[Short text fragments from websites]
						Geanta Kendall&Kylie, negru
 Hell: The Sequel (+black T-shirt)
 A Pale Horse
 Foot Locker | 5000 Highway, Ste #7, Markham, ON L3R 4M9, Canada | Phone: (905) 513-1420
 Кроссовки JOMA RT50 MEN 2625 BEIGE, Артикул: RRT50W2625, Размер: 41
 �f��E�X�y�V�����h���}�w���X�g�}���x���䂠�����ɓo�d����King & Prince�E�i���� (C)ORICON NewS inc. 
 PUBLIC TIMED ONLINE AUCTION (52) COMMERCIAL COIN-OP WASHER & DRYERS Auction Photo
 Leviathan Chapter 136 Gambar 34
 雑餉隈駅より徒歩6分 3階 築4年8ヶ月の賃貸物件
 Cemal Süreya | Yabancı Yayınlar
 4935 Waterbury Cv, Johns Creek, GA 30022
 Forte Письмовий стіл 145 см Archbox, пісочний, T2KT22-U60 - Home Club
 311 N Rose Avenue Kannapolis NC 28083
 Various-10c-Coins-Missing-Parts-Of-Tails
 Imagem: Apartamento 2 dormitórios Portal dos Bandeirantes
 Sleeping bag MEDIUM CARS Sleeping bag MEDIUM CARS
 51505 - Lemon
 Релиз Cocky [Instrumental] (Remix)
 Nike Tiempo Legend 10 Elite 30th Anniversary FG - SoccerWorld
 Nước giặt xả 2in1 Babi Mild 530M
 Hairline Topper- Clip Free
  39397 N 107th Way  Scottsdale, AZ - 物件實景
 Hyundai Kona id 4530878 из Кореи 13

## Problem statement
Above are the records; print exactly the lines from the line with "A Pale Horse" to the line with "Leviathan Chapter 136 Gambar 34", including both, and nothing else.

## Answer to this task
 A Pale Horse
 Foot Locker | 5000 Highway, Ste #7, Markham, ON L3R 4M9, Canada | Phone: (905) 513-1420
 Кроссовки JOMA RT50 MEN 2625 BEIGE, Артикул: RRT50W2625, Размер: 41
 �f��E�X�y�V�����h���}�w���X�g�}���x���䂠�����ɓo�d����King & Prince�E�i���� (C)ORICON NewS inc. 
 PUBLIC TIMED ONLINE AUCTION (52) COMMERCIAL COIN-OP WASHER & DRYERS Auction Photo
 Leviathan Chapter 136 Gambar 34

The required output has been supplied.